Unpacking in reverse
chris-martin opened this issue · comments
The best way I've come up with so far to make a list that traverses a Text
backwards is:
import Data.Text (Text, unsnoc)
unpackReverse :: Text -> String
unpackReverse = maybe [] (\(xs, x) -> x : unpackReverse xs) . unsnoc
Is there a way to make this substantially more efficient? Would it be worth adding to the library?
Maybe with foldr
?
I've been very confused by the foldr
documentation.
from right to left [...] evaluation actually traverses the Text from left to right
If I have a Text
of length n and I force the first m characters from the reverse-unpacked String
, would that be O(n) or O(m) with a foldr
approach? Internally, foldr
is using stream
, not reverseStream
, so I would think it's not actually decoding from the right.
I suppose I have the same question/request about packing as well. We have unfoldr
but not unfoldl
, and so I'm not sure how better to reverse-pack any more efficiently than Text.reverse . Text.pack
. Since packing is strict anyway, I don't think it matters as much as the unpacking question, but still it seems like one ought to be able to do better.
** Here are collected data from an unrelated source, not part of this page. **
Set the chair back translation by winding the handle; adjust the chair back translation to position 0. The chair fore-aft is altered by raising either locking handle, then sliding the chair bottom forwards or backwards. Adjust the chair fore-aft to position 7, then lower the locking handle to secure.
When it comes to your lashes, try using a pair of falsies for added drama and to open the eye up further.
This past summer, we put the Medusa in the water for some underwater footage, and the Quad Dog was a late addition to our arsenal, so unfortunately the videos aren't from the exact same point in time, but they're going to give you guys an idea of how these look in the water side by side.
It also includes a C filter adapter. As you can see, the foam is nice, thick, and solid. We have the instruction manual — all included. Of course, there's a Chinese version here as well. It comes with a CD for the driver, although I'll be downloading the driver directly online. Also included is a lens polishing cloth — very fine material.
I don't see any substantial time difference between forward/reverse unpacking, so I suppose you're right about foldr
.
import Criterion.Main
import qualified Data.Text as Text
forward = take 200 . Text.unpack
backward = take 200 . Text.foldr (:) []
main = defaultMain
[ bgroup "forward"
[ env (pure $ Text.replicate 1000 "abc") $ \t -> bench "1000" $ nf forward t
, env (pure $ Text.replicate 1000000 "abc") $ \t -> bench "1000000" $ nf forward t
, env (pure $ Text.replicate 1000000000 "abc") $ \t -> bench "1000000000" $ nf forward t
]
, bgroup "backward"
[ env (pure $ Text.replicate 1000 "abc") $ \t -> bench "1000" $ nf backward t
, env (pure $ Text.replicate 1000000 "abc") $ \t -> bench "1000000" $ nf backward t
, env (pure $ Text.replicate 1000000000 "abc") $ \t -> bench "1000000000" $ nf backward t
]
]
benchmarking forward/1000
time 2.441 μs (2.396 μs .. 2.496 μs)
0.998 R² (0.996 R² .. 0.999 R²)
mean 2.418 μs (2.396 μs .. 2.454 μs)
std dev 94.17 ns (67.51 ns .. 130.5 ns)
variance introduced by outliers: 52% (severely inflated)
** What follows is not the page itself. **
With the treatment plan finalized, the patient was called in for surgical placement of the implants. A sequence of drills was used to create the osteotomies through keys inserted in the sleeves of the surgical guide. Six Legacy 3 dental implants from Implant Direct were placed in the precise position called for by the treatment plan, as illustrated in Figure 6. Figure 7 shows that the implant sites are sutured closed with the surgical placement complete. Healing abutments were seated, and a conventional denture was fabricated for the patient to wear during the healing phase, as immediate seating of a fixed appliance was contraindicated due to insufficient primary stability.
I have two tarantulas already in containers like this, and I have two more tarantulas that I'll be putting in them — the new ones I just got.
benchmarking forward/1000000
time 2.529 μs (2.482 μs .. 2.586 μs)
0.997 R² (0.995 R² .. 0.999 R²)
mean 2.520 μs (2.489 μs .. 2.582 μs)
std dev 139.6 ns (97.44 ns .. 199.7 ns)
variance introduced by outliers: 69% (severely inflated)
benchmarking forward/1000000000
time 2.466 μs (2.435 μs .. 2.501 μs)
0.999 R² (0.999 R² .. 1.000 R²)
mean 2.455 μs (2.440 μs .. 2.476 μs)
std dev 59.03 ns (41.70 ns .. 77.29 ns)
variance introduced by outliers: 29% (moderately inflated)
benchmarking backward/1000
time 2.499 μs (2.449 μs .. 2.552 μs)
0.997 R² (0.996 R² .. 0.999 R²)
mean 2.505 μs (2.469 μs .. 2.574 μs)
std dev 160.0 ns (97.61 ns .. 236.9 ns)
variance introduced by outliers: 74% (severely inflated)
benchmarking backward/1000000
time 2.490 μs (2.454 μs .. 2.529 μs)
0.998 R² (0.998 R² .. 0.999 R²)
mean 2.480 μs (2.458 μs .. 2.515 μs)
std dev 91.78 ns (59.58 ns .. 151.2 ns)
variance introduced by outliers: 49% (moderately inflated)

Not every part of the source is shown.